Rocket Lab, a sounding rocket and launch vehicle company co-located in the U.S. and New Zealand, is preparing to begin testing a smallsat launcher dubbed Electron that would use battery-powered turbomachinery and other innovations to hold the cost per mission below $5 million.
The company, which received U.S.funding before branching into commercial development, unveiled its Rutherford engine at the annual Space Symposium in Colorado Springs. The engine uses high-performance brushless DC electric motors to drive its liquid oxygen and kerosene turbomachinery, drawing power from lithium polymer batteries. The approach, says CEO Peter Beck, eliminates the complex valves and other plumbing required to use hot gas to turn turbomachinery, boosting efficiency from 50% for a typical gas generator cycle to 95%.
“For us it was really about decoupling that thermodynamic problem,” Beck says. “And the beauty with an electric turbopump is that it takes that really complicated problem and turns it into software.”
Each Rutherford engine has two electric motors the size of a soda can, Beck says, one for each propellant. The small motors generate 50 hp while spinning at 40,000 rpm, “not a trivial problem,” he says.
“The battery technology is also a little bit special,” Beck says. “We’re drawing huge currents and huge energies from those batteries to provide the energy, but really it just provides such a simplified and efficient system.”
The efficiency is needed for the company’s business model, which foresees customers with payloads weighing as much as 100 kg (220 lb.) launching into 500-km (310-mi.) Sun-synchronous orbits or to inclinations as low as 46 deg. The payloads can be readied for flight at the customer’s own facility and then shipped to the launch site, which is under construction in New Zealand at a location Beck says is still “a closely guarded secret.”
Beck says the company has about 30 “commitments” from customers.
A former Crown Research engineer, New Zealander Beck established Rocket Lab with the support of seed-investor Mark Rocket, an Internet entrepreneur who changed his name from Mark Stevens.
“In 2009, we launched R-1, our first sounding rocket, on a suborbital ballistic arc,” Beck says. “That got the attention of agencies in the U.S., particularly.”
Rocket Lab subsequently studied and tested propellant and launcher technologies for Darpa,and the U.S. Operationally Responsive Space Office.
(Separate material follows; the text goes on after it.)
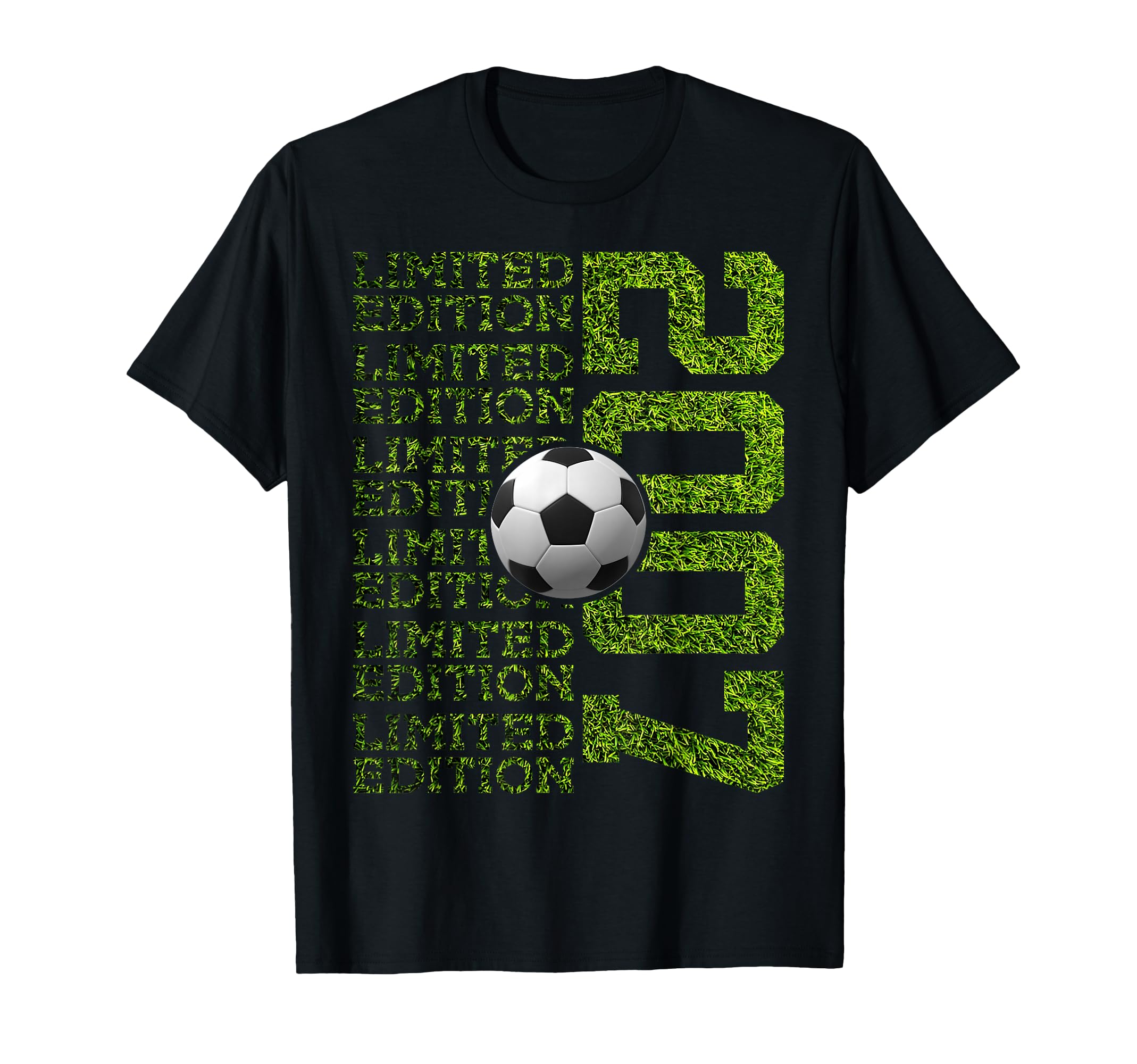 2007 Soccer 19Th Birthday T-Shirt - Fun Novelty Design Unisex - T-Shirt, Sweatshirt, Hoodie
“In 2013, the company reached a crossroads,” says Beck. “Did we want to follow the road of being a U.S. defense contractor? Or did we want to get into the commercialization of space—which is always what I wanted to do? So we chose the latter.”
The company secured additional funding in late 2013 from the New Zealand government under the Callaghan Innovation Growth Grants program, and since then “we have been flying under the radar for about a year working on the development of the Electron launch vehicle,” Beck says. The Electron is “the crux of the project and is aimed at what is expected to be a huge growth of 60% or more in the small satellite business over the next five years,” he says.
The company is banking on the lightweight structure of its two-stage vehicle and the power-to-weight efficiency of the Rutherford engine to make a cost breakthrough in the small satellite launch market. Rocket Lab is targeting a cost per launch of $4.9 million, which it says will reduce the average orbital delivery costs by 95% versus the current launch infrastructure and its large reliance on ride-share payloads.
In another effort to increase efficiency and hold down cost, Rocket Lab is building the regeneratively cooled engine using three-dimensional, additive-manufacturing techniques that include laser and electron-beam sintering, with Inconel and titanium powder as the feed stock.
Nine of the engines will be used to power the 59-ft.-tall Electron vehicle, which will have a total combined thrust of 27,000 lb. at liftoff, with a targeted peak thrust of 34,000 lb. during ascent. The second stage will be powered by a 4,000-lb.-thrust vacuum variant of the Rutherford engine, essentially identical to the main-stage engine but with an extended nozzle.
Beck says that commonality extends down to the fastener level, with standardized parts used wherever possible to lower costs. For efficiency at the launch site, the Electron upper stage is designed for independent payload integration before it is literally bolted onto the top of the main stage with four bolts.
“The first flight is scheduled for the end of this year and the program is pretty mature,” Beck says.